Detailed Geological Modeling in Urban Areas: Focus on Surface Near Geology and Anthropogenic Layer

Tuesday, March 21, 2017: 11:30 a.m.
Tom Martlev Pallesen , GeoScene3D Team, I-GIS A/S, Risskov, Denmark
Torben Bach , GeoScene3D Team, I-GIS, Riskov, Denmark
Jan Jeppesen , Climate, Alectia, Viby J, Denmark
Niels-Peter Jensen , I-GIS A/S, Risskov, Denmark
Dorte Seifert Teide , Virum, Alectia, Virum, Denmark

In the last few years, there’s an increased focus on detailed geological modeling in urban areas. The models serve as important input to hydrological models. This focus is partly due to climate changes as high intensity rainfalls are seen more often than in the past, and water recharge is a topic too. In urban areas, this arises new challenges. There is a need of a high level of detailed geological knowledge for the uppermost zone of the soil, which typically are problematic due to practically limitations, especially when using geological layer models. Furthermore, to accommodate the need of a high detail, all relevant available data should be used in the modeling process. Human activity has deeply changed the soil layers, e.g. by constructions as roadbeds, buildings basements, pipelines, landfill etc. These elements can act as barriers or pathways regarding surface near groundwater flow and can attribute to local flooding or mobilization and transport of contaminants etc.

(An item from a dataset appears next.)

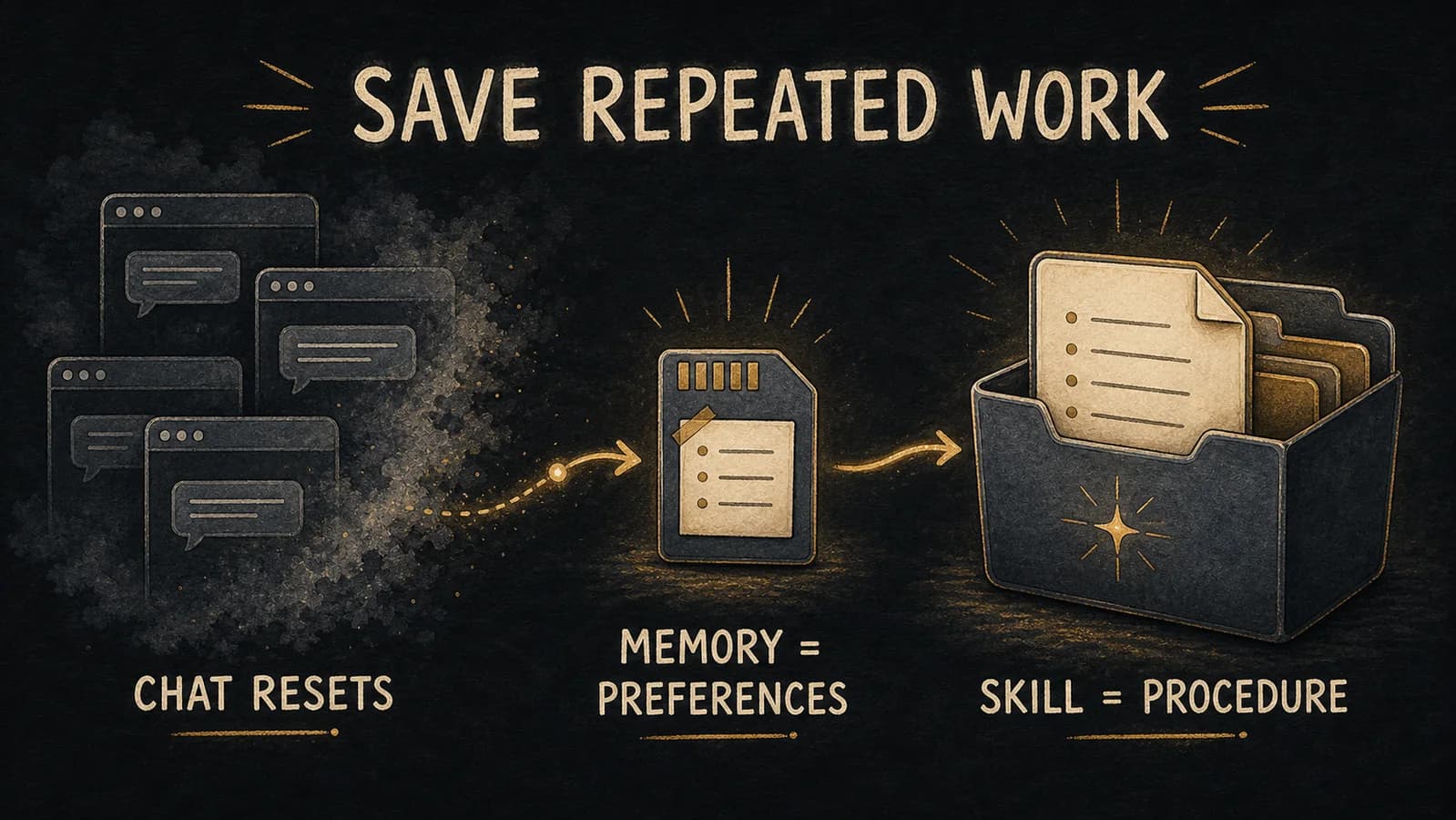 A stylized teaching image showing loose chat notes becoming saved memory preferences and a Skill procedure.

Geophysical methods are being developed with focus on mapping the uppermost geological layers in e.g. urban areas, and these data can be evaluated against e.g. borehole data and infiltration tests.

The different datatypes, including information from subsurface structural elements (road beds, pipelines, traces etc.) can be combined and interpreted together in geological voxel models.

A geological voxel model is built by small boxes (voxels). Each box can be assigned different parameters, ex. lithology, transmissivity or contaminant concentration. Human related elements can be implemented using tools, which gives the modeler advanced options for making detailed small-scale models.

This paper demonstrates opportunities, tools, workflow and a resulting geological model for a case area in Denmark.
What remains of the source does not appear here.